Companies, consumer advocates, lawmakers and citizens have
sent some 780,000 comments on the FCC's proposed so-called net
neutrality rules -- which guide how Internet service providers
(ISPs) manage web traffic on their networks -- as the deadline
for first comments approached on Tuesday.
For much of Tuesday, however, the database appeared to be
down or unaccessible, which FCC spokeswoman Kim Hart attributed
to an "overwhelming surge in traffic."
"Please be assured that the Commission is aware of these
issues and is committed to making sure that everyone trying to
submit comments will have their views entered into the record,"
she said, announcing a delay of the deadline to midnight on July
After that, commenters will be able to reply to each other's
initial submissions through Sept. 10.
The proposal has attracted one of the biggest responses in
FCC's history, showcasing the complicated and intense nature of
the debate launched after a federal court in January struck down
the FCC's previous version of such rules.
FCC Chairman Tom Wheeler has proposed rules that would ban
ISPs from blocking users' access to websites or applications but
would allow some "commercially reasonable" deals between content
providers and ISPs to prioritize delivery of some traffic.
The proposal stirred up consumer advocates who have long
advocated that the FCC reclassify and regulate ISPs as
telecommunications services, like public utilities -- a move
rejected by cable and wireless companies and by Republicans both
in Congress and at the FCC.
Wheeler has not proposed reclassification as the solution,
but has not taken it off the table as a potential route, though
some industry experts have suggested reclassification could
leave the door open for paid prioritization deals.

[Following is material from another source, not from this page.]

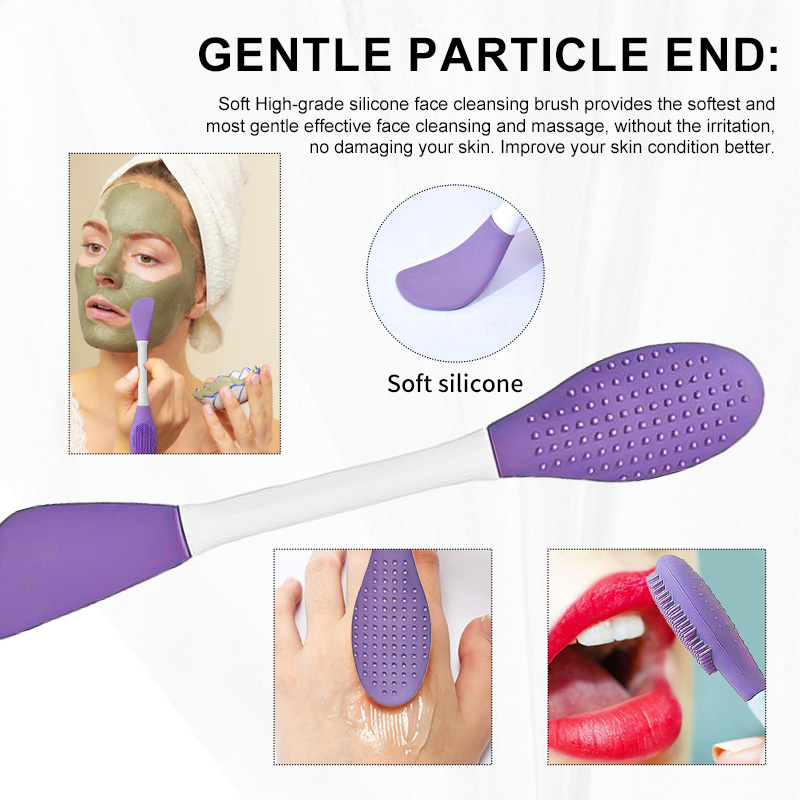 2 In 1 Double Sided Soft Flexible Silicone Face Mask Brush Facial Cleaning Cosmetic Tools Exfoliating Scrub Lip Brushes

"Reclassification ... is not only entirely unnecessary but
would be unwise and likely unlawful," Comcast Corp
said in its filing on Tuesday.
Thirteen prominent Senate Democrats, including Ed Markey,
Richard Blumenthal, Cory Booker, Charles Schumer and Elizabeth
Warren, in turn wrote to the FCC calling for reclassification,
with appropriate legal caveats for the industry.
Another call for reclassification on Tuesday came in
co-signed comments from the attorneys general of New York and
Illinois, Eric Schneiderman and Lisa Madigan.
Several web companies such as Vimeo and Etsy have also urged
the FCC to reclassify ISPs, though the industry's Washington
representative, the Internet Association, has not sought that
specific approach in its opposition of the FCC allowing some
"We don't want to live in a world where there are fast lanes
and slow lanes for the Internet because we don't believe we
could afford to pay for the fast lane," Etsy's policy director,
Althea Erickson, told Reuters TV on Monday.
"It's really hard to imagine Etsy being able to start and
grow under the conditions that the chairman is proposing."